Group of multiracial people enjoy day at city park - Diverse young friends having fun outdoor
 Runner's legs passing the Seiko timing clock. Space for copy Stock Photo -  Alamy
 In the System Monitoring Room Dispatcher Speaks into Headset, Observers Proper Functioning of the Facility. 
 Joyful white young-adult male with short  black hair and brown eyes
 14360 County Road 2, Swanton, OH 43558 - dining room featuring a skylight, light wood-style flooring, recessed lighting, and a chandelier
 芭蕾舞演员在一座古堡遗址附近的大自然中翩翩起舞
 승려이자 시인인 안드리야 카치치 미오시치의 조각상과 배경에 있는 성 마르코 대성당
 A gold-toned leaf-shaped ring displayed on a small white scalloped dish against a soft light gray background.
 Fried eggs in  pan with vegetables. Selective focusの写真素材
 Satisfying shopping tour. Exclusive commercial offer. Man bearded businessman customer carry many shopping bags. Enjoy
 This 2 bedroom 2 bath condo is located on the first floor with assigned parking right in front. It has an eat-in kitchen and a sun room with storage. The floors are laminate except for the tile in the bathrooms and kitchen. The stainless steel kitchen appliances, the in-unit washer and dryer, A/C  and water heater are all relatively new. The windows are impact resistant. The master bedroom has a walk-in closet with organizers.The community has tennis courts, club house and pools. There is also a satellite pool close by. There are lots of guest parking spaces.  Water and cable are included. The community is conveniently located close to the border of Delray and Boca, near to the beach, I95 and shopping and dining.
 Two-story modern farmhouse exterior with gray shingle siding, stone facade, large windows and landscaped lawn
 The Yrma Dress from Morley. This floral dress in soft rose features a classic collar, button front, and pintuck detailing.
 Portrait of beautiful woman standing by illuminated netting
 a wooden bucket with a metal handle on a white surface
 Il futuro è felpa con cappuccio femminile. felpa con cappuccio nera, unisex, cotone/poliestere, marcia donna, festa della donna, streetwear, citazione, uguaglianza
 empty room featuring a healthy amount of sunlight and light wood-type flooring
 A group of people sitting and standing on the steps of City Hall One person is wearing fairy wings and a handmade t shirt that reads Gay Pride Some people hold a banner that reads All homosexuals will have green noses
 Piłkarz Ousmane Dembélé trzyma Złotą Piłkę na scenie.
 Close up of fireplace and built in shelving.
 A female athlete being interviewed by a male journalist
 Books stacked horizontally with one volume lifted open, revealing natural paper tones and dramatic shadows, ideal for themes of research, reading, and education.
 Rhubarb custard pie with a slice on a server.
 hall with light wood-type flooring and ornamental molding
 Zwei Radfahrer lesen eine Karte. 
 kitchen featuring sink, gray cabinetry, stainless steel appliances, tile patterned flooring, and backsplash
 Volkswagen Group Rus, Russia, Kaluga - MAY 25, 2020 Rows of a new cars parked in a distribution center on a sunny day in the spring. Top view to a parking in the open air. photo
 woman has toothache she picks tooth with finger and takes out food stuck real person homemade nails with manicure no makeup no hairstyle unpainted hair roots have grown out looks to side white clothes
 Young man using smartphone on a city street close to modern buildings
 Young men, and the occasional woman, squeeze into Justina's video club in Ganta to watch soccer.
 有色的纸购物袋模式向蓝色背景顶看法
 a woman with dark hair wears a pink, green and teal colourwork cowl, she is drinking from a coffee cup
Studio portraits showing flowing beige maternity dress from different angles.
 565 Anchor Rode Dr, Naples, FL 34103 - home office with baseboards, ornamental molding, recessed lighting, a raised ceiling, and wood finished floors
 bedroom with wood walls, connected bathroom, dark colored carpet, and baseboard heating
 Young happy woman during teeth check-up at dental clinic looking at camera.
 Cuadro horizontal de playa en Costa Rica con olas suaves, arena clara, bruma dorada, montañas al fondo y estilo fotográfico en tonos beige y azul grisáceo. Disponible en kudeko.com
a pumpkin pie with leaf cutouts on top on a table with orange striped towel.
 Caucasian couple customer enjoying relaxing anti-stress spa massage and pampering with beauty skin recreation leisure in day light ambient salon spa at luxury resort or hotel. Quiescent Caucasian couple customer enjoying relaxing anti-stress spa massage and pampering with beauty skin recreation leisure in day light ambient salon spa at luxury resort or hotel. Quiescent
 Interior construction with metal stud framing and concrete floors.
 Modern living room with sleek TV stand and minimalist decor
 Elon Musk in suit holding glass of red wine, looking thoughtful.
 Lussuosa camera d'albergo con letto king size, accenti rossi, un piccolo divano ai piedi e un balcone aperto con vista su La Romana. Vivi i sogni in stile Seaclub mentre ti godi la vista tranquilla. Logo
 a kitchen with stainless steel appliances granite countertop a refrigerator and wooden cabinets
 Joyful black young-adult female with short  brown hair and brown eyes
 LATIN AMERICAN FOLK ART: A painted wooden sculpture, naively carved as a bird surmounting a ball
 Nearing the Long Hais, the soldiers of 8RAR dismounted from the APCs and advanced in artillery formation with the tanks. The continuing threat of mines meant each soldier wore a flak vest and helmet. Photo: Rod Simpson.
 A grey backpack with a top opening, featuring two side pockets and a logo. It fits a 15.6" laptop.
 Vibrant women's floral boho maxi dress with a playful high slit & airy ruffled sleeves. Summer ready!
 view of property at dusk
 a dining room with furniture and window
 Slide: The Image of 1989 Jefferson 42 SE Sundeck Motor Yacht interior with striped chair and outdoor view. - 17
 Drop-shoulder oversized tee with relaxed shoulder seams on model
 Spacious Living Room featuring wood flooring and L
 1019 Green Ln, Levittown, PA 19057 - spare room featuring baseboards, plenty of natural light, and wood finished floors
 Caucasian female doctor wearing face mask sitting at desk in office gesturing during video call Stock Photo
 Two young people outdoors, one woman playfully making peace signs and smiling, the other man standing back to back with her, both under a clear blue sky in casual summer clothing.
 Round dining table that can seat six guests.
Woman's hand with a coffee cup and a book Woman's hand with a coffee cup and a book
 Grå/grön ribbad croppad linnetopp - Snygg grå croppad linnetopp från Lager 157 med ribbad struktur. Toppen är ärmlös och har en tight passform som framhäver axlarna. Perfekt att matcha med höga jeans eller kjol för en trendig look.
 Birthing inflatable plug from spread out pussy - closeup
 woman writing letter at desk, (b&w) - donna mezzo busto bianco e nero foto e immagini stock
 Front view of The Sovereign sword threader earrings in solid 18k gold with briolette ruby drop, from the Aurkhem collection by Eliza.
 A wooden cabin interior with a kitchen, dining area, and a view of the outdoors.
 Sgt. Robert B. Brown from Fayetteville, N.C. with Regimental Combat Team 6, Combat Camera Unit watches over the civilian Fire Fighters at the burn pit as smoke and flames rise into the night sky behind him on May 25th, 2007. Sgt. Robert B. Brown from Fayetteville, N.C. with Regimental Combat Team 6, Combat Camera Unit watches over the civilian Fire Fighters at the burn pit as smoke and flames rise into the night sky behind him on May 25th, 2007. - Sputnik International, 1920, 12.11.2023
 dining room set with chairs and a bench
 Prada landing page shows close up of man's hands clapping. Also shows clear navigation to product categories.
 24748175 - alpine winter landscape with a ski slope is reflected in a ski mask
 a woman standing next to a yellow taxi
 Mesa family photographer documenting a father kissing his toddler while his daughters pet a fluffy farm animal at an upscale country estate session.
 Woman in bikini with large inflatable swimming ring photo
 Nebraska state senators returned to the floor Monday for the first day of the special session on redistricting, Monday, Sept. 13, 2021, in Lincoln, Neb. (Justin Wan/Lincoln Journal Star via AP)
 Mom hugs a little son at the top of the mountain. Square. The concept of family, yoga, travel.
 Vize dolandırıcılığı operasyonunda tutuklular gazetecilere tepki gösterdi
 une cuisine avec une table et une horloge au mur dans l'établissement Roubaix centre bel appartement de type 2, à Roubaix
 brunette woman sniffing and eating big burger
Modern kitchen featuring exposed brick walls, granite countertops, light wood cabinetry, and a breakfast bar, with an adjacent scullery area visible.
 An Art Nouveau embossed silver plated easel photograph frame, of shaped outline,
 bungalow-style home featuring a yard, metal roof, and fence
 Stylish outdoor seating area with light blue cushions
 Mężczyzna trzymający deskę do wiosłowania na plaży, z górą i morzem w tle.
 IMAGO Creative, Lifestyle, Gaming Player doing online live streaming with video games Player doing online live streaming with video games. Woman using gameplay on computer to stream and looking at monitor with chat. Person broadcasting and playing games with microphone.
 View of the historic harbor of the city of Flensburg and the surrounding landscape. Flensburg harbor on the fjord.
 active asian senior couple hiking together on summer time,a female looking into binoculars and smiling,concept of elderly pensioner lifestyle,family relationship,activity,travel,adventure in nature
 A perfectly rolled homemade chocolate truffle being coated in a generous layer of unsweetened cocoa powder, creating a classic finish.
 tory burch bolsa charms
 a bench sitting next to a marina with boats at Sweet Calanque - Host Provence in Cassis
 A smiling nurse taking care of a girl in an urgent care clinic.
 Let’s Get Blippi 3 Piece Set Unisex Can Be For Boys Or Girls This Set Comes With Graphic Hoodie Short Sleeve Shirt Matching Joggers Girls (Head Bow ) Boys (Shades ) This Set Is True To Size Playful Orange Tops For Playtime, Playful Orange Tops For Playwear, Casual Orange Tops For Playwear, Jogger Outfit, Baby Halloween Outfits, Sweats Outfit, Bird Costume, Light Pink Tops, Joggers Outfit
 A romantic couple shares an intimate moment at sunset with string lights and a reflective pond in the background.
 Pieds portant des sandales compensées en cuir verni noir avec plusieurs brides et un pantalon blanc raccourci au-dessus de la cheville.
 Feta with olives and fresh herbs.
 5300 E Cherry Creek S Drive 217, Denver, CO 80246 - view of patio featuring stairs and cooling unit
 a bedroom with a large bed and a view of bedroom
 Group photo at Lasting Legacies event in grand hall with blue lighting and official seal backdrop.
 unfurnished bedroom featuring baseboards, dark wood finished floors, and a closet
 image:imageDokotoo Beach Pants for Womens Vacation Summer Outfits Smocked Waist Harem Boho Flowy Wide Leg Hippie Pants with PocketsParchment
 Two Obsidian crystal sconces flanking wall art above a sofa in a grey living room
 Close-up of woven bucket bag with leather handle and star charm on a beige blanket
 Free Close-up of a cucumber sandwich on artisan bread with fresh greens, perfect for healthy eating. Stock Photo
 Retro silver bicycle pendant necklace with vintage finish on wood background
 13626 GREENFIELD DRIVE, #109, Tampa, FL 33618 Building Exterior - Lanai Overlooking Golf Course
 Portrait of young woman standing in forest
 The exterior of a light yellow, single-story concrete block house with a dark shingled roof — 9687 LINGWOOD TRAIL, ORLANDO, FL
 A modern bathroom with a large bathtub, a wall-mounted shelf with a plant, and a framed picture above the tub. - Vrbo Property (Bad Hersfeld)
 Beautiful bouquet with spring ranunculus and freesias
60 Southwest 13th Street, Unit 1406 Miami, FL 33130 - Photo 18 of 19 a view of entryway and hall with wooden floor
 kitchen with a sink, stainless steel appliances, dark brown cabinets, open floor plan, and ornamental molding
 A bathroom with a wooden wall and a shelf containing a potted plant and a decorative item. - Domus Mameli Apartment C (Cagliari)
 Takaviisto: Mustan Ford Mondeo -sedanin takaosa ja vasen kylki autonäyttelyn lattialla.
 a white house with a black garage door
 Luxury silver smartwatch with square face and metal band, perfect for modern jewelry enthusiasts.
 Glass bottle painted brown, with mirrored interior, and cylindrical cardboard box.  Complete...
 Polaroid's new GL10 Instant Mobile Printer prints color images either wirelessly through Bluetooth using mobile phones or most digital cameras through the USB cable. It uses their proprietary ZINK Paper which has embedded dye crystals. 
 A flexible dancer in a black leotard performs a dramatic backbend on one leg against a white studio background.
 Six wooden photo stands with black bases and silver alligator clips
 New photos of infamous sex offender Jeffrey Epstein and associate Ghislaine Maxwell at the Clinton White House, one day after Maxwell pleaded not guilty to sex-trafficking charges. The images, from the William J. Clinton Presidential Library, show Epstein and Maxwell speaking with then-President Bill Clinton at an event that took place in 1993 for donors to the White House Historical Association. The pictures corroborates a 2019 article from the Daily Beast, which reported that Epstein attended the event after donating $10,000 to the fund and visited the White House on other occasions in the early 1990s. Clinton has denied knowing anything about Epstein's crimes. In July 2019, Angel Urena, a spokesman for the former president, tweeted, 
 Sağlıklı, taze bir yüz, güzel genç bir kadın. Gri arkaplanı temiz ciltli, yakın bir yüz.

# # # # # # #

▶ [Action item]:
Beginning with the first line of the entries, repeat each line exactly until you have reproduced the one containing "Joyful white young-adult", and add nothing further.

▶ [Completed exercise]:
Group of multiracial people enjoy day at city park - Diverse young friends having fun outdoor
 Runner's legs passing the Seiko timing clock. Space for copy Stock Photo -  Alamy
 In the System Monitoring Room Dispatcher Speaks into Headset, Observers Proper Functioning of the Facility. 
 Joyful white young-adult male with short  black hair and brown eyes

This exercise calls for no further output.